Dinkle utilizes spray foam insulation in building high-performance custom homes that incorporate tight building envelopes. “When using this product, I know the full home cavity is going to be sealed and highly insulated,” Dinkle says. “Spray foam insulation works to close all gaps, down to the nail holes and even the openings around electrical boxes to ensure that the envelope is airtight. This promotes maximum energy efficiency and allows the HVAC systems to operate at peak efficiency.”
In addition to its high insulating qualities and superior air-barrier performance, spray foam insulation also contributes to healthier indoor air quality as well as better sound control, says Teresa Crosato, marketing communications supervisor with Icynene, a maker of environmentally friendly and 100 percent water-blown spray foam insulation.
Icynene offers both low- and medium-density spray foam insulation products for use in residential and commercial projects. Its LD-R-50, a Green Approved Product by the NAHB Research Center that exceeds the renewable content specification set by the USDA BioPreferred program, is a low-density, 0.5-pound spray foam insulation that provides enhanced moisture management and is ideal for use in residential and commercial construction. “One of the key benefits of the low-density (open-cell) spray foam insulation is that it is more of a breathable product and allows water to drain,” Crosato says. “This promotes drying so the original performance of the material is maintained.”
Another product, Icynene MD-R-200, is a 2-pound medium-density foam insulation made with recycled content that offers a high R-value and is appropriate for use in commercial construction due to its enhanced tensile and compressive strength.
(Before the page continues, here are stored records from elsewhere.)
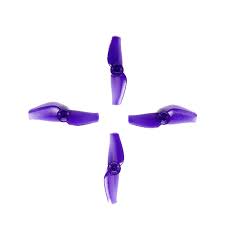 NewBeeDrone Venom V2 - High - Quality Drone Part with Versatile Hole Sizes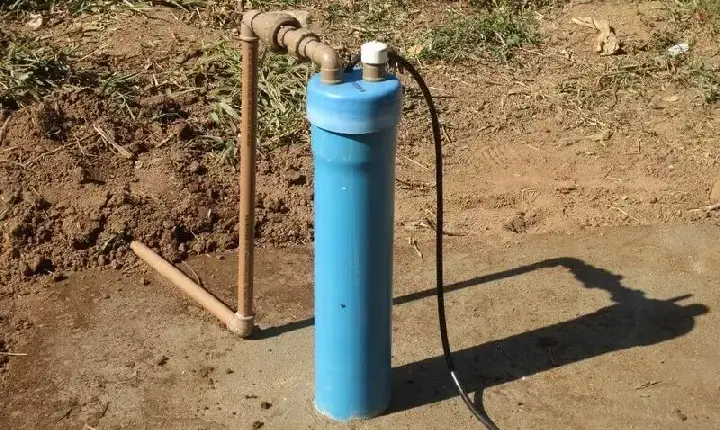 Furto de fiação elétrica deixa moradores do Cruzeirinho sem água em Ivaiporã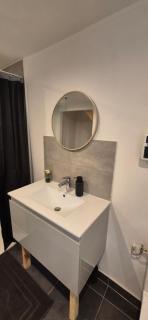 Charmant appartement proche du centre ville parking gratuit dans la rue - 6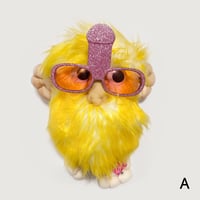 FURRY（L）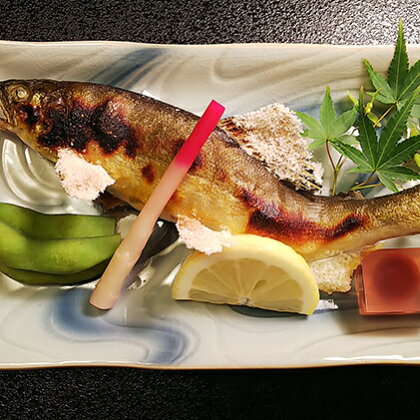 季節を味わう会席「ふるさと椿コース」2名様食事券 池田温泉券付 【お食事券・チケット・チケット・温泉利用券】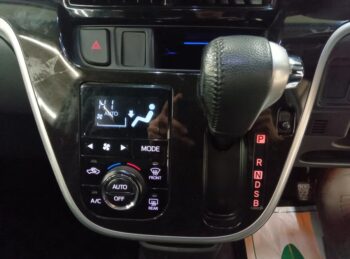 ムーヴカスタム RS ターボ ハイパーSAⅢナビバックカメラ 後期型 4WD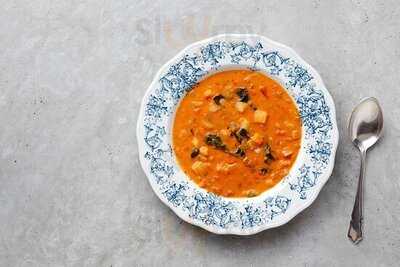 カプリチョーザ 新潟万代シティ店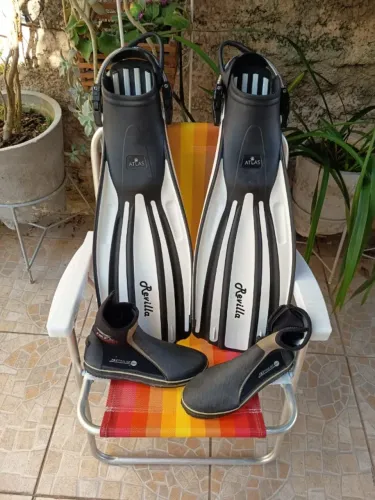Nadadeira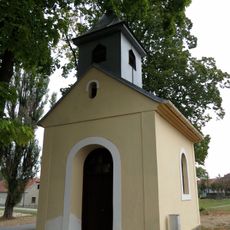 Chapel in Hostákov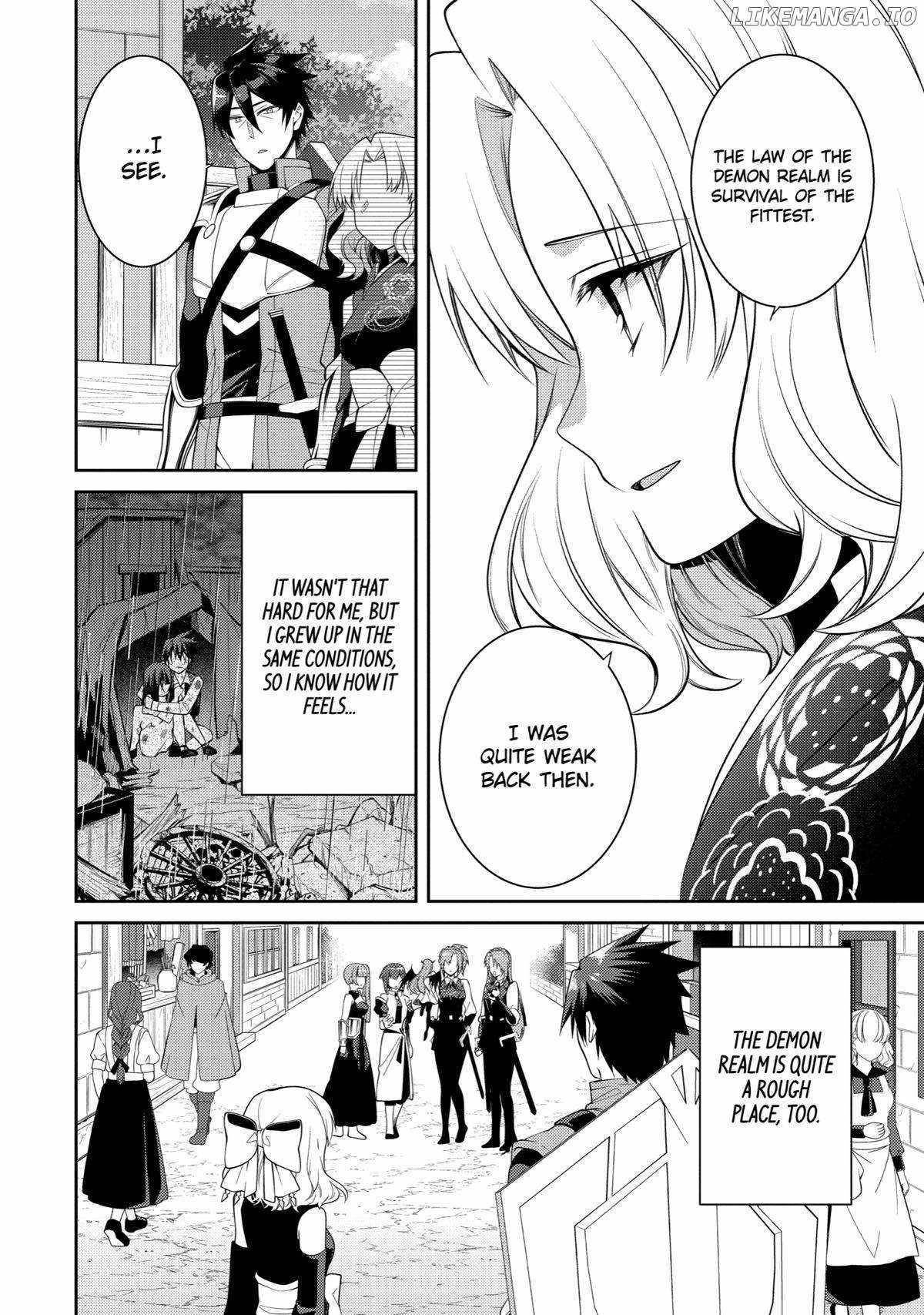 The Labyrinth Raids Of The Ultimate Tank ~The Tank Possessing A Rare 9,999 Endurance Skill Was Expelled From The Hero Party~ Chapter 44 - Page 40 in English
All of the Icynene products also feature blowing agents with the lowest Global Warming Potential—a measure of greenhouse gas emission potential—and are free from polybrominated diphenyl ethers (PBDEs). “They are a very healthy and green alternative for spray foam insulation,” Crosato says.
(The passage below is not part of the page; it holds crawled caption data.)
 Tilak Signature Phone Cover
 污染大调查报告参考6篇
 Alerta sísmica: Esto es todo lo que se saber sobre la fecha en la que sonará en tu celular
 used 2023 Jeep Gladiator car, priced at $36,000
According to Dinkle, open-cell spray foam insulation works extremely well for a range of residential home applications. One section of the home where this product can be very effective is the attic. “In the Southeast, the attic can get as hot as 120 degrees in the summer. The current thought with high-performance homes is to condition this space by applying spray foam insulation to the roof rafters,” Dinkle says. “This creates an insulated thermal envelope and greatly reduces the heat pressure in the home.”
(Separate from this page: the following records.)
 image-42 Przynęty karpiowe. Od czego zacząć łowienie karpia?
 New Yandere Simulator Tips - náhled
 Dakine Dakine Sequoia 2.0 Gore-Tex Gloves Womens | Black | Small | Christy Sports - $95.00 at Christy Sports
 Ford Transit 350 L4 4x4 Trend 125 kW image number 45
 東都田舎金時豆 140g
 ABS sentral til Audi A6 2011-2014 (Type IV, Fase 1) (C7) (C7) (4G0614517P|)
Yet another important area for open-cell spray foam insulation is the rim joists around the whole perimeter of the home. “Typically, rim joists are very difficult to insulate and can account for 20 to 30 percent of the air leakage in a home,” Dinkle says. “But also, rim joists are strong conductors of radiant heat and when they—or the attached decks—heat up from the outside, that heat can easily be transferred into the interior of the home. This can be seen through thermal imaging. Therefore, it is critical to use spray foam insulation at these locations in order to prevent air penetration and thermal bridging.”
In addition to open-cell applications, Dinkle says closed-cell spray foam insulation also has its appropriate uses. “Closed-cell insulation should be used in situations where it is desirable to fully eliminate air and vapor permeability,” says Dinkle. “This fits well for use in wine cellars or in the floors and ceilings of mixed-use projects. For example, if a residence is located above a street-level restaurant or café, it’s important to make sure that fumes and odors do not permeate through.”